Indignados si, ma fino a che punto?

Il movimento degli “indignados”, nato in Spagna qualche mese fa, sta ormai assumendo i caratteri e le dimensioni di un fenomeno mondiale. In qualunque paese dove si è manifestato, i giovani chiedono un futuro differente alla classe dirigente che sembra incartata su se stessa. Troppo tempo sprecato in chiacchiere inutili, invece di prendere iniziative per gettare le basi di un nuovo welfare, di uno stato sociale diverso, di nuovi mercati ed economie: un nuovo modello di sviluppo in parole povere.

Purtroppo dopo la manifestazione italiana di sabato scorso, alla ribalta sono tornati i soliti teppisti organizzati, che hanno ferito mortalmente il movimento, ancor prima che si mettesse in moto. Distruzione, saccheggi e quant’altro hanno tenuto in ostaggio la Capitale, oscurando totalmente i principi della fiumana di persone che si snodava per Roma. Oltre 500.000 persone (per la Questura saranno state 5.000, qualcuno ci dovrà spiegare come oscillino così tanto questi numeri) che sono state letteralmente violentate da un centinaio di persone, che stanno fuori dal movimento a priori, ma che purtroppo si sono presi la scena. A scanso di equivoci, diciamo con forza che la violenza non fa parte della democrazia, anzi è sempre deplorevole.

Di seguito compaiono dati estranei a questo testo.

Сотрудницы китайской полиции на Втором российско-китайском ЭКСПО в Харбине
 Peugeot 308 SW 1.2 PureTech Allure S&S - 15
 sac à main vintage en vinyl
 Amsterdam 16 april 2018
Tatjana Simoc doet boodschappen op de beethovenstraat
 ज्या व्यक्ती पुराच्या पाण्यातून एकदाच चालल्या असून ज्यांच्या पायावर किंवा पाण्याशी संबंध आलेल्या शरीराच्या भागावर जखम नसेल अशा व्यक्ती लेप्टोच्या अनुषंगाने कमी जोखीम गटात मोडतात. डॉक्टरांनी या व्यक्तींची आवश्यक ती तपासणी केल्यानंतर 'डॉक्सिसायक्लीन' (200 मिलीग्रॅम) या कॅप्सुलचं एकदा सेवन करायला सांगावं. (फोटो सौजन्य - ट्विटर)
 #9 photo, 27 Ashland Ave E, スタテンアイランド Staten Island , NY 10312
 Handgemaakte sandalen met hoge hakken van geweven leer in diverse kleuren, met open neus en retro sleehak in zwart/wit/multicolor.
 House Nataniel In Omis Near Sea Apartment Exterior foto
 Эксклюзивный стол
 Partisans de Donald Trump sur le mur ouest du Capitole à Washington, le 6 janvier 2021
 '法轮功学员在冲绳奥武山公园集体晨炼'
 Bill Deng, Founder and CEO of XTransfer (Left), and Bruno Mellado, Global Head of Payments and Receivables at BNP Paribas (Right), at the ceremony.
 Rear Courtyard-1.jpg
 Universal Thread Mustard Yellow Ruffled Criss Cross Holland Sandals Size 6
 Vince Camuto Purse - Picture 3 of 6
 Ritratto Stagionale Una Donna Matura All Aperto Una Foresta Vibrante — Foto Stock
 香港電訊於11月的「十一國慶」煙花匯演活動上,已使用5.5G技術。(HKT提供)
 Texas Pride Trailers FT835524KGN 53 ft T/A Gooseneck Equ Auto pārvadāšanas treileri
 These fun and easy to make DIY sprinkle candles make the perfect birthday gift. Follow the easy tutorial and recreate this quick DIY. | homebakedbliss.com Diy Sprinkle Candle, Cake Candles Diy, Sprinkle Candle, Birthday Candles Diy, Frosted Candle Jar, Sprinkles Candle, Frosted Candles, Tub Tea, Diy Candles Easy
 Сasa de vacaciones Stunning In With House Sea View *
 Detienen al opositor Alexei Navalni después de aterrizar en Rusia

Analizzando a fondo il movimento, ci sono parecchie analogie con i vecchi movimenti degli anni 70. Entrambi le generazioni stanno vivendo un periodo buio, di crisi e senza prospettive. Una cosa però è differente: la cultura e le richieste diverse fra questa generazione e quella di allora. Nessuno degli “indignados” sicuramente ha letto Marx, e nessuno si prefigge la rivoluzione come sbocco naturale di questi movimenti. I giovani di oggi chiedono un modello di sviluppo che ormai ha fallito. Vorrebbero godere, a loro detta, di un modello sociale che ci ha portato esattamente dove ci lamentiamo di essere. Ha davvero senso pensare di volere uno stato sociale come quello dei nostri padri? Sarebbe molto più logico cercare delle vie alternative a questo stato di cose, ormai immobile da decenni, cercando di mettere a punto una exit strategy, un modello di sviluppo, sociale e del welfare totalmente nuovo, che prenda in considerazione le nuove figure, le nuove situazioni, e il quadro nuovo che ci circonda.

La protesta accomuna tutto il mondo occidentale, sono di qualche giorno fa le immagini delle forze dell’ordine a cavallo, che a Wall Street hanno caricato i dimostranti con oltre 700 arresti. Tutto questo è avvenuto negli States, non un paese tipicamente comunista o di sinistra. La politica in questi anni per le nuove generazioni, ha fatto poco o nulla, lasciando in eredità loro deficit spropositati, regressione e stagnazione economica, o addirittura (vedi Grecia) dissesti economici importanti. Il neo governatore della Bce Draghi si è detto comprensivo verso i dimostranti. Ovviamente vezzo tutto italiano, il capo dei banchieri europei, è stato tacciato di essere un cattivo maestro, o addirittura di avere fomentato le folle. Cari politici non ci siamo proprio. Questo clima pesantissimo da trincea, da muro contro muro, oramai non va più bene. La gente è stanca, dopo vent’anni di berlusconismo, e anti-berlusconismo, della politica del con me o contro di me, che ha solamente estremizzato il conflitto, strozzando questo paese.

Purtroppo la sensazione riecheggiante nell’aria è davvero negativa. Sperando che non sia così, un autunno caldo è alle porte. La rabbia montata in questi anni, a causa del precariato, della crisi e delle difficoltà economiche, rischia di innescare una serie di violenze, che non faranno altro che portare l’occidente ancora più a fondo. Si spera che delle decisioni di svolta vengano prese nel più breve possibile. Ci saranno scelte difficili da fare, ma che serviranno a lasciare una società migliore alle generazioni del futuro, senza ritrovarsi un mondo come questo fra qualche decennio.